What you are asked to do:
Output each line of the listing exactly, though pictures are not to appear.

Dataset section:
=====
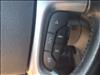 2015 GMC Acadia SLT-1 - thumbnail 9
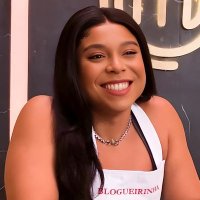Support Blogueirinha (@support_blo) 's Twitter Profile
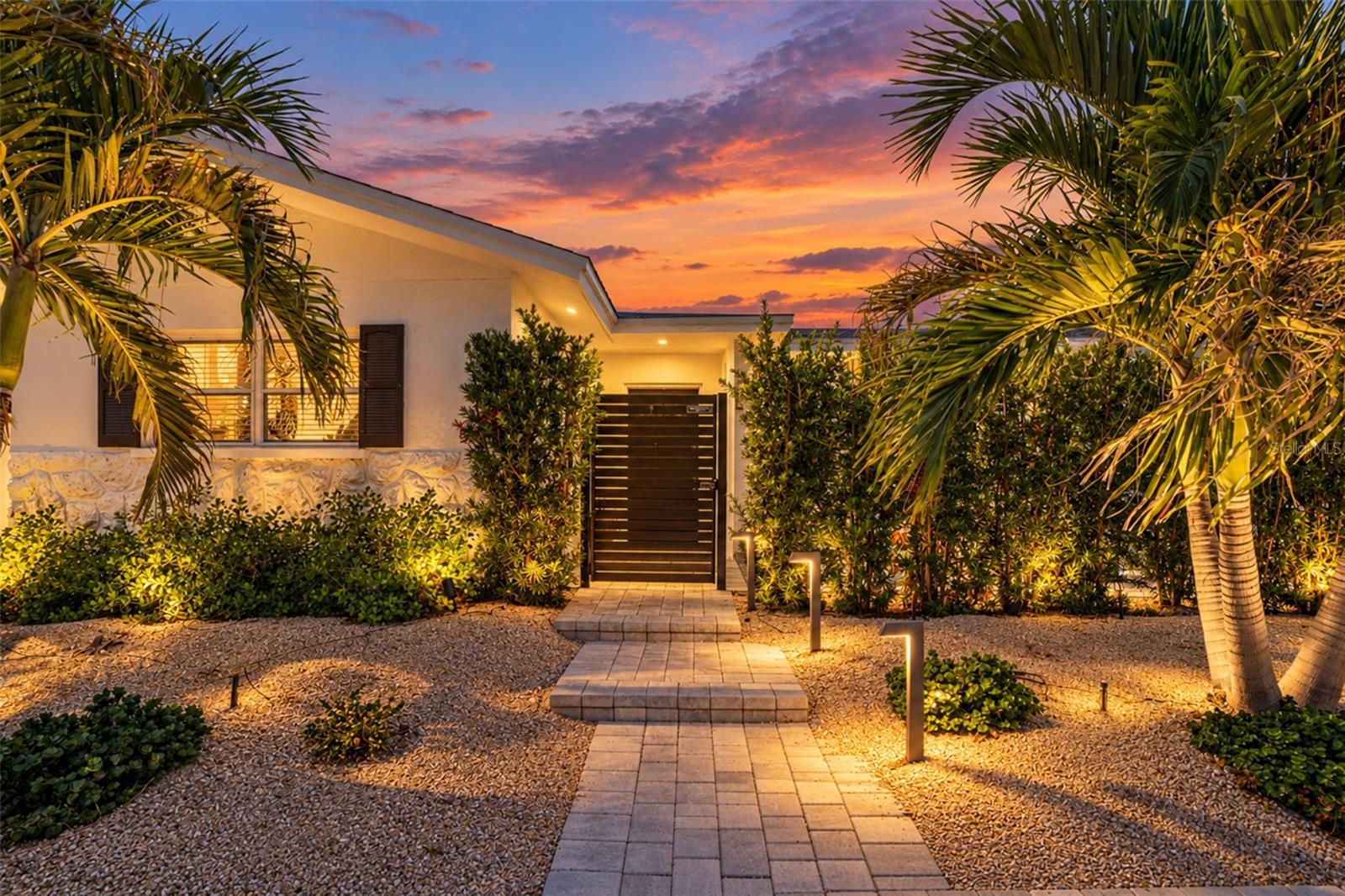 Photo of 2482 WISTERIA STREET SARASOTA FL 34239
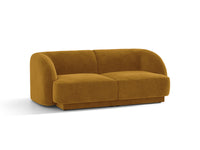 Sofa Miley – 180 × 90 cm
=====
Solution to this problem:
 2015 GMC Acadia SLT-1 - thumbnail 9
Support Blogueirinha (@support_blo) 's Twitter Profile
 Photo of 2482 WISTERIA STREET SARASOTA FL 34239
 Sofa Miley – 180 × 90 cm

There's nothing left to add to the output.